For the example JPEG images provided, I used align() with the blue color channel as the base channel, and this worked quite well. However, as expected, this function was too slow to use on the large TIFF images. I then wrote another function, recursive_align(), that makes use of the concept of "image pyramids" to recursively resize the two channels by a factor of 2, from coarse to fine, and then calculate offset values at each step. The function also upscales the offset values by a factor of 2 at each level and uses these offset values to narrow in on an offset selection. Since the example TIF files provided were about 10x the size of the example JPEGs, and I know that align() ran quickly for the JPEGs at that scale, I initialized the scaling factor for recursive_align() to 10. recursive_align() also uses NCC to make comparisons between channels, and the blue channel is used as the base for comparisons. Overall, this approach worked well on almost all of the high resolution images, except for emir.tif. I found that, for this image, using the green or red channel as my base worked much better than blue. I'm still not sure why this worked better, but I can see from the raw image that there seems to be a large difference in pixel intensity between red and blue (the colors on the man's jacket are inverted when comparing across these two channels), and perhaps this dissimilarity in color channels made it harder to align when the blue channel was the base.

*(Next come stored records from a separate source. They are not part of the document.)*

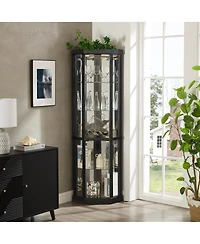 Streamdale Furniture Lighted Corner Curio Cabinet - Glass Display Case for Living Room & Bar Storage - Black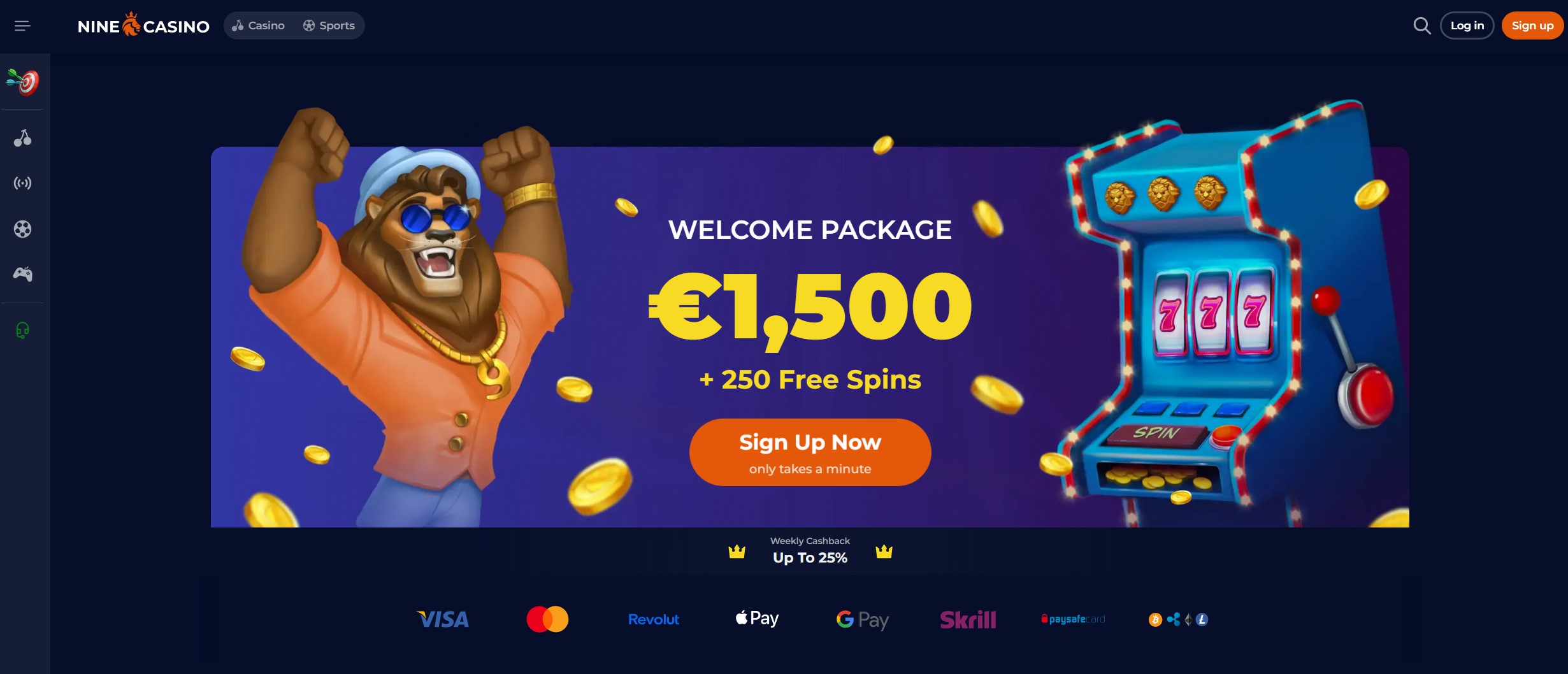 Nine Casino Homepage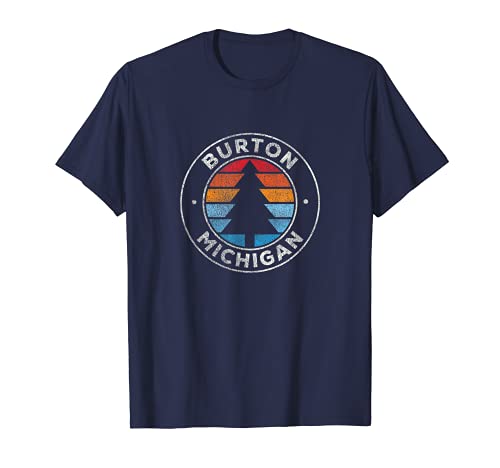 Burton Michigan MI Vintage Graphic Retro 70s Camiseta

Overall, since blue channel alignment worked well for most images, I used that for the rest of the example TIFF images as well as some additional images from the Prokudin-Gorskii collection.

Cropping

I cropped all channels by 10% on all sides before alignment, which helped to reduce some of the alignment issues I experienced in early iterations of the program. After alignment, I cropped by 1% on both sides, and 5% on the top and bottom of each image. This helped to further reduce some of the residual artifacts left from the alignment process.

Automatic contrasting

Some of the color images (such as mill_near_luga.tif) initally had poor contrast and therefore appeared washed out, so I tried Histogram Equalization, which maps the image's pixel intensity distribution to its cumulative distribution function. This has the effect of making the pixel intensity of the image more uniform. In my program, this operation is applied to the raw image before splitting the color channels. Across all of the images tested, applying this transformation seemed to improve the visibility of granualar details in parts of the image that appeared washed out.

Automatic white balancing

I also applied automatic white balancing by finding the brightest pixel value for each of the color channels, and then finding the brightest value across the three channels. I applied a Gaussian blur before picking the brightest pixel because this is supposed to make the pixel selection process less susceptible to noise. This value was then used as my illuminant (expected source of visible light). I scaled each color channel to match the brightness of the illuminant. In general, white balancing seems to have improved most of the images, with the exception of workshop.tif. The impact of this step appears to be most visible in places where the pixels are at their highest intensity, such as in the sky of train.tif or monastery.jpeg. It may have had less of an impact on workshop.tif because that photo was taken indoors.
If I had more time, I would try optimizing the kernel size (radius) of the Gaussian blur more. I came up with a somewhat arbitrary rule for setting the kernel size:
2 * int(np.log2(channel.shape[1])) - 1. I set it this way because I wanted the kernel to be much smaller than the image, and also it needed to be an odd number (as this is a requirement of the cv2.GaussianBlur() function).